INFORMATION SUPPLIED:

========================================

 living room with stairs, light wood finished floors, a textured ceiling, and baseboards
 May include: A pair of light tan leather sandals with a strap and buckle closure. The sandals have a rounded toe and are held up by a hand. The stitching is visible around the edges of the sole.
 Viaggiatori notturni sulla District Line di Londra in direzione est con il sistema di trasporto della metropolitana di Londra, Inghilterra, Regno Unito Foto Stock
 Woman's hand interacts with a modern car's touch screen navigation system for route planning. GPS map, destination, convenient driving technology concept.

========================================

YOUR GOAL:
Write out exactly the final stretch of the listing above, beginning at the line that contains "May include: A" and ending at its last line, with nothing added.

OUTPUT FOR THIS TASK:
 May include: A pair of light tan leather sandals with a strap and buckle closure. The sandals have a rounded toe and are held up by a hand. The stitching is visible around the edges of the sole.
 Viaggiatori notturni sulla District Line di Londra in direzione est con il sistema di trasporto della metropolitana di Londra, Inghilterra, Regno Unito Foto Stock
 Woman's hand interacts with a modern car's touch screen navigation system for route planning. GPS map, destination, convenient driving technology concept.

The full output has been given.